▶ Records from a data source
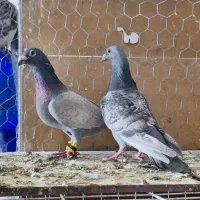 جفت طاوسی|پرنده|مرودشت, دولت آباد|دیوار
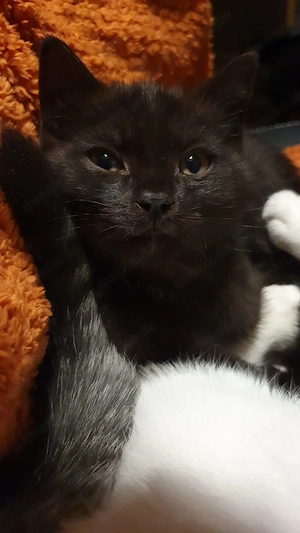 Süsse gepflegte Main- Coon Mix  Katzenbabys abzugeben 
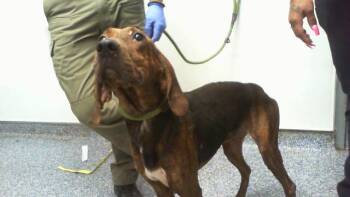 A1269374 -  Plott Hound Dog for Adoption in Charlotte, North Carolina - A1269374 | PetCurious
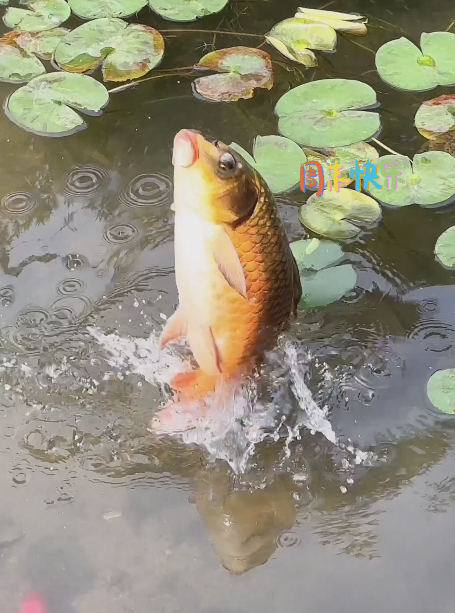 大本营智慧分享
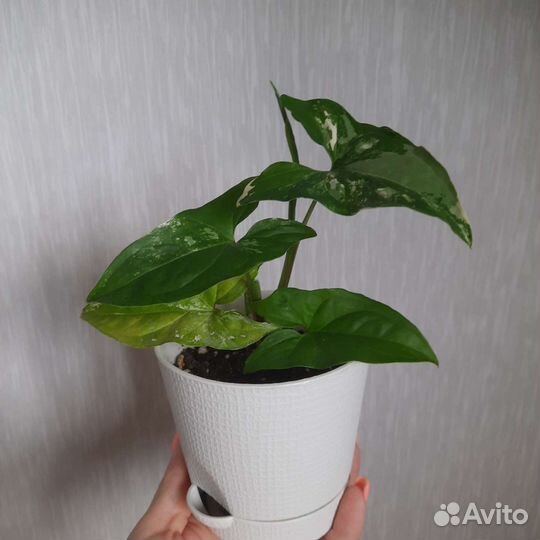 Сингониум imperial вайт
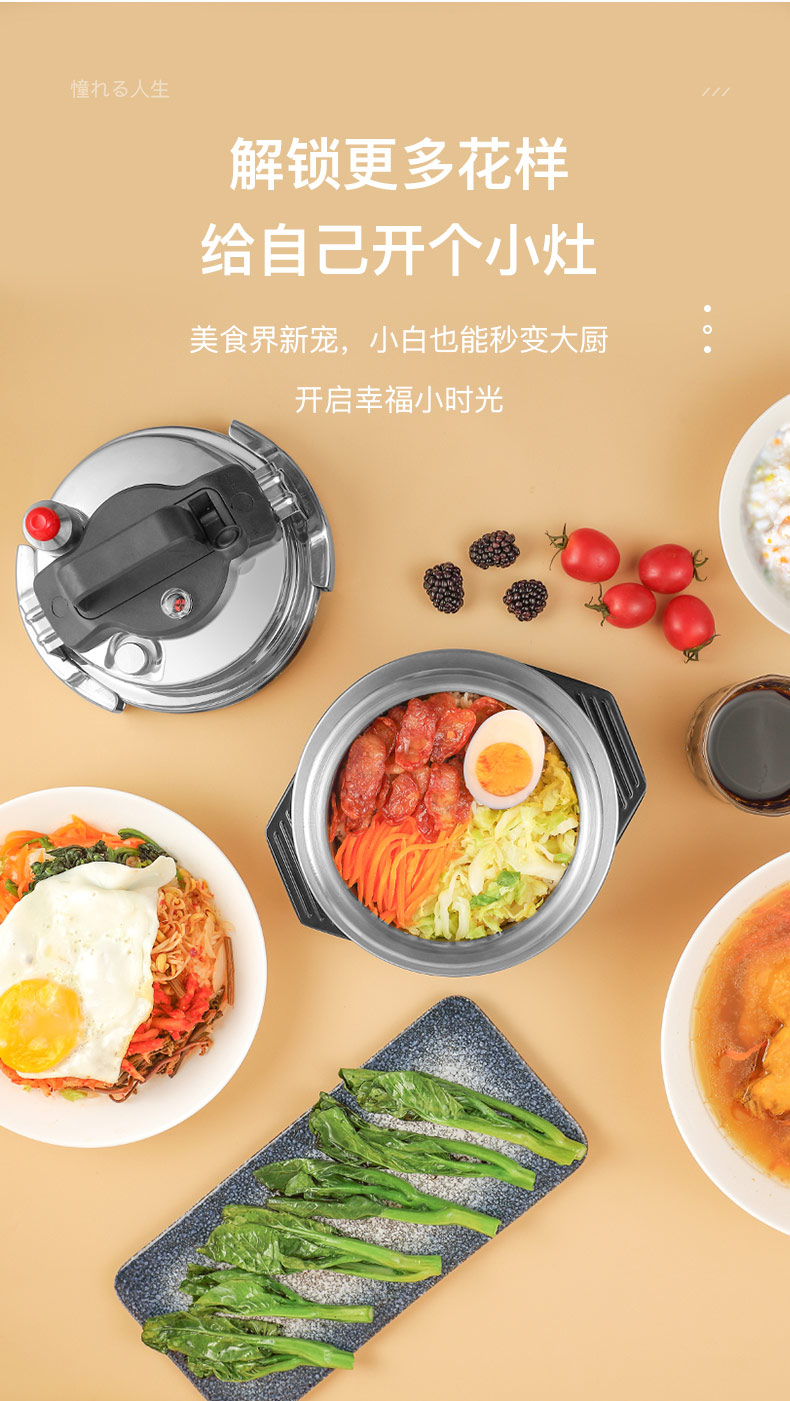 Mini pressure cooker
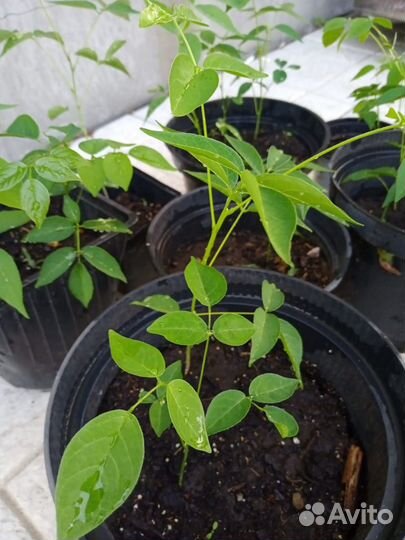 Глициния (вистерия) морозостойкая Blue Moon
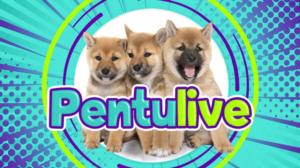 Pentulive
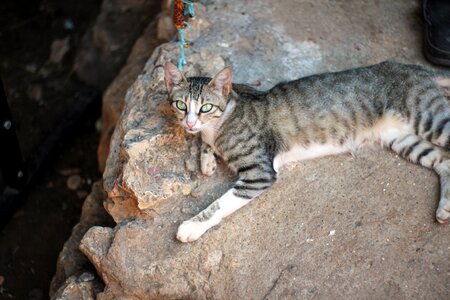 Pet wild cute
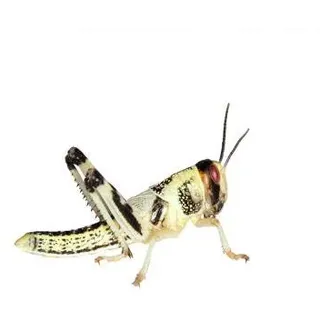 Feeders & More - Heuschrecken - Wüstenheuschrecken MITTEL - 50 Stück - Lebendfutter Insekten Wuestenheuschrecken - Futter für Reptilien, Bartagamen und Amphibien - Futterinsekten & Haustierfutter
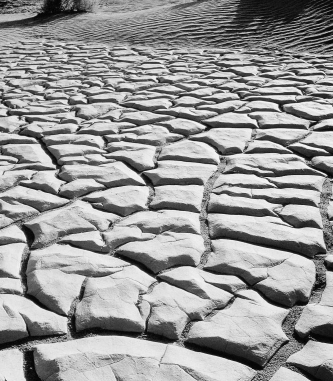 a. What kind of sedimentary structure is pictured in the photograph below? b. Explain how this kind of sedimentary structure forms.  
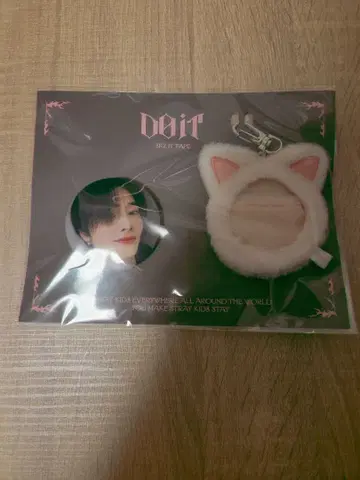 straykids 스키즈 DO It 팝업 배지 아이엔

▶ PROMPT
Give back exactly the lines from the top of the records to the line containing "Pet wild cute", both included, and no pictures.

▶ RESPONSE BOX
 جفت طاوسی|پرنده|مرودشت, دولت آباد|دیوار
 Süsse gepflegte Main- Coon Mix  Katzenbabys abzugeben 
 A1269374 -  Plott Hound Dog for Adoption in Charlotte, North Carolina - A1269374 | PetCurious
 大本营智慧分享
 Сингониум imperial вайт
 Mini pressure cooker
 Глициния (вистерия) морозостойкая Blue Moon
 Pentulive
 Pet wild cute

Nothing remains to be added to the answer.